Per chiudere definitivamente la pagina della guerra civile, nel 2005, il Governo organizzò un secondo referendum. La “Carta per la pace e la riconciliazione nazionale” fu approvata con il 97% dei voti e prevedeva nuove disposizioni di grazia per i terroristi, indennizzi ai familiari dei terroristi morti, riparazioni alle famiglie degli scomparsi e la completa amnistia per le forze di sicurezza che commisero abusi.
Furono inoltre disposte pene fino a 5 anni di reclusione per chi avesse criticato la legge, reo di ledere l’immagine dello Stato. “La carta ci ha vietato di rivolgerci alla giustizia”, Nassera Dutour è la Presidente dell’associazione SOS disparu, che da più di 20 anni cerca di trovare la verità sulle migliaia di scomparsi durante gli anni ’90. “La legge ci è stata imposta.

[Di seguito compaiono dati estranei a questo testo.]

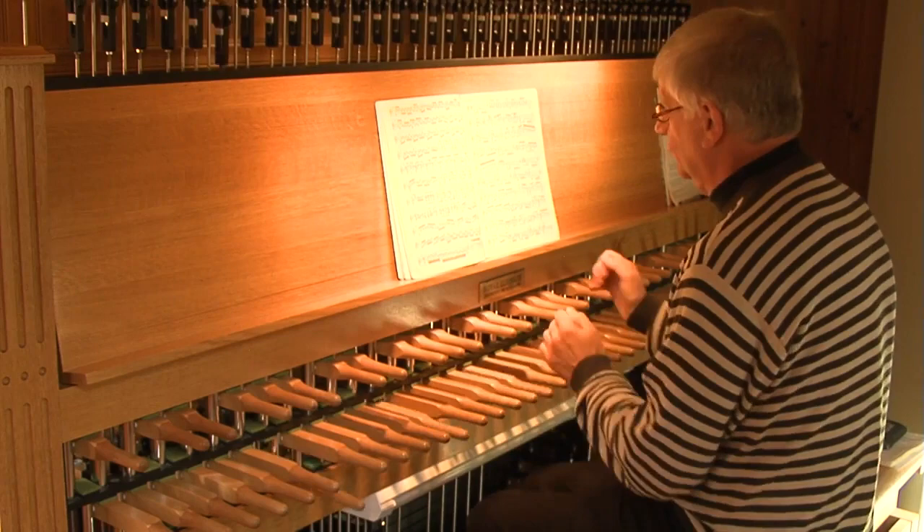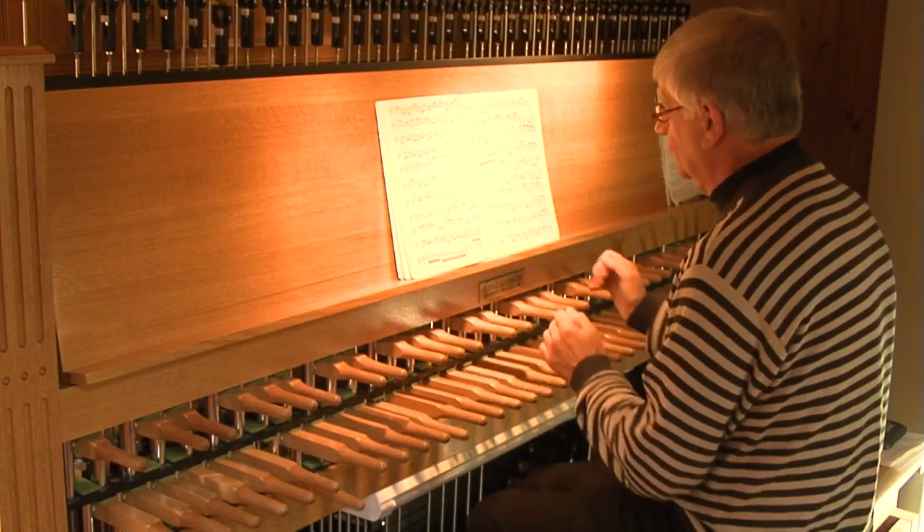The bells can be played manually in the traditional way or automatically by computer. The upper portion of the tower and the carillon can be visited after concerts performed live by a carilloner.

Non è stata una vera votazione”, continua Nassera, concludendo, “Non penso siano solo l’esercito e i servizi i responsabili di ciò che è avvenuto, ma tutto il corpo costituente dello Stato è colpevole”.
Il quartiere di El Biar si affaccia sul Golfo di Algeri. Nella pancia di un condominio, gli uffici di un’associazione ospitano decine di studenti intenti a preparare i cartelli per la protesta dell’indomani. Hania Chebane, attivista e studentessa, è tra di loro, “Ajouad è un movimento, creato nel 2011, che lotta per non dimenticare le vittime del terrorismo”. Nel 1996, quando Hania aveva 3 anni, gli islamisti in un agguato uccisero suo padre. “Ricordo che uscì di casa per andare a cambiarmi le scarpe”, continua l’attivista, “Con cinque pallottole hanno stabilito che avevano il diritto di prendersi una vita. È stata una cosa banale che facevano sempre”. La madre di Hania si è trovata a 23 anni sola, con una figlia, in piena guerra civile, senza lavoro, senza casa. “La riconciliazione Nazionale è stata una doppia ingiustizia”, ancora la studentessa algerina, “Un tradimento alle famiglie delle vittime”.
Gli spettri della guerra civile continuano ad infestare il Paese. Ne è convinto anche Omar Belhouchet, “Il conflitto intestino, la legge di riconciliazione e il post pacificazione sono stati periodi vissuti dolorosamente. Un’esperienza che ha lasciato inevitabilmente delle tracce”. Le strade e gli spazi pubblici di Algeri di notte sono vuoti. Nel centro storico i bar sono chiusi, mentre i pochi passanti si affrettano a raggiungere le proprie mete. La città sembra avere la sindrome del coprifuoco. “Dicevano di non fare troppa politica, che l’instabilità altrimenti sarebbe tornata. È un periodo che il potere ha strumentalizzato per gestire il Paese”, continua Omar Belhouchet. Il destino di questa classe politica ed economica criticata dalle piazze è legato alla stessa carta per la riconciliazione, in quanto promotrice, guardiana e colonna portante.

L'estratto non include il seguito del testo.